Colaboração de Fernando Alcoforado*
O século XX
foi caracterizado, por Eric Hobsbawm, como a “era dos extremos”, sendo a sua
primeira metade (de 1914 a 1945) uma "era de catástrofes". Somadas as
duas guerras mundiais aos longos anos de Guerra Fria, genocídios, massacres e
etnocídios desvelaram o quanto as instituições formais, dos Estados às
Organizações Internacionais, não deram conta de evitar que o Homem fosse o
“lobo do próprio Homem”, chegando à borda da própria destruição civilizacional.

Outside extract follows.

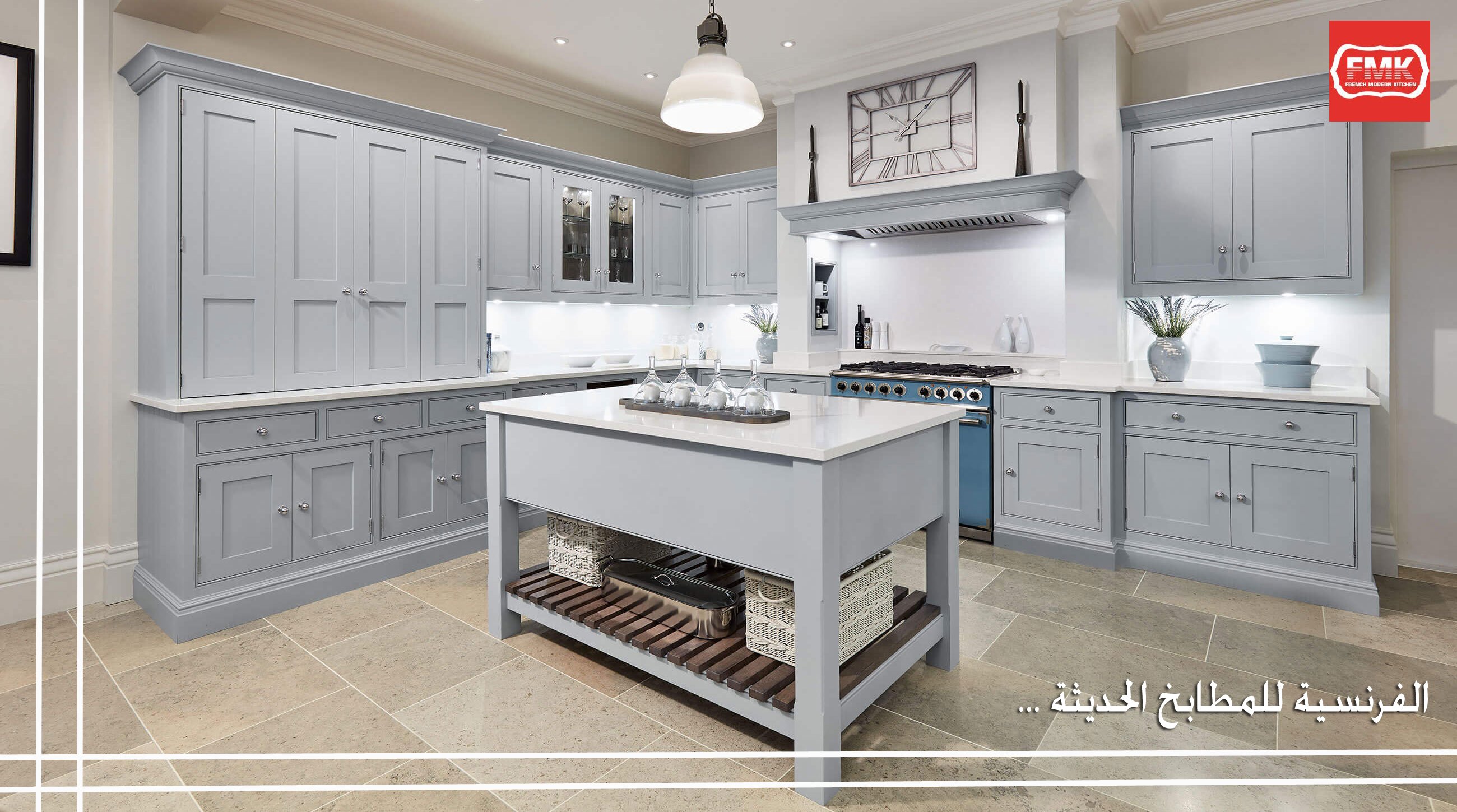 مطابخ الفرنسية frenchkitchens1 twitter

Em termos históricos, 2013 guarda o recorde mais negativo de refugiados em quase sete décadas. Em 2013, de acordo com o ACNUR (agência da ONU para refugiados), solicitantes de asilo, deslocados internos e refugiados somaram 51,2 milhões de pessoas em todo o mundo pela primeira vez desde o pós-Segunda Guerra Mundial. Parte deste resultado foi impulsionada pela guerra civil na Síria que já criou mais de três milhões de refugiados, além de conflitos na Líbia, República Democrática do Congo (RDC) e a longa instabilidade no Iraque.
Com a
ascensão do Estado Islâmico (Isis) no norte do Iraque e na Síria, o número
global de refugiados vem aumentando significativamente. O avanço do Isis elevou
a quantidade de iraquianos fugindo para países vizinhos. Esse cenário não é
exatamente novo, uma vez que tem havido uma alta no número de refugiados
globais em anos recentes. A história do grupo terrorista Estado Islâmico está
relacionada com o processo de crise política que se desencadeou no Iraque após
a invasão de tropas norte-americanas iniciada em 2003.
Historicamente,
todas as guerras ocorridas ao longo da história da humanidade mostram que uma
de suas consequências é o surgimento de refugiados das áreas de conflito como
ocorreu durante a Segunda Guerra Mundial na Europa. A onda de refugiados
recentes tem como maiores responsáveis as potências ocidentais lideradas pelos
Estados Unidos que ocuparam e desorganizaram o Iraque, Afeganistão, Líbia, além
da tentativa de intervenção militar na Síria, entre outros países. Esta
situação faz com que se torne um imperativo o fim da desordem, do caos que tem
caracterizado as relações internacionais ao longo da história.
Urge a
criação de uma nova ordem mundial que seja capaz de evitar guerras e conflitos
internacionais das quais resultem crises humanitárias de grandes proporções como
as que se verificam no momento. A violência desenfreada e as crises que se
manifestam sob várias formas no mundo em que vivemos tem como causa o sistema
capitalista mundial. Por isso é fundamental romper com o atual modelo de
desenvolvimento, o capitalismo, que já se mostrou incapaz de regular e, muito
menos, de evitar e superar a violência e as crises que vem criando ao longo de
sua história. O grande desafio da era contemporânea é fazer a humanidade
evoluir do estágio de barbárie em que se encontra no momento ao de civilização.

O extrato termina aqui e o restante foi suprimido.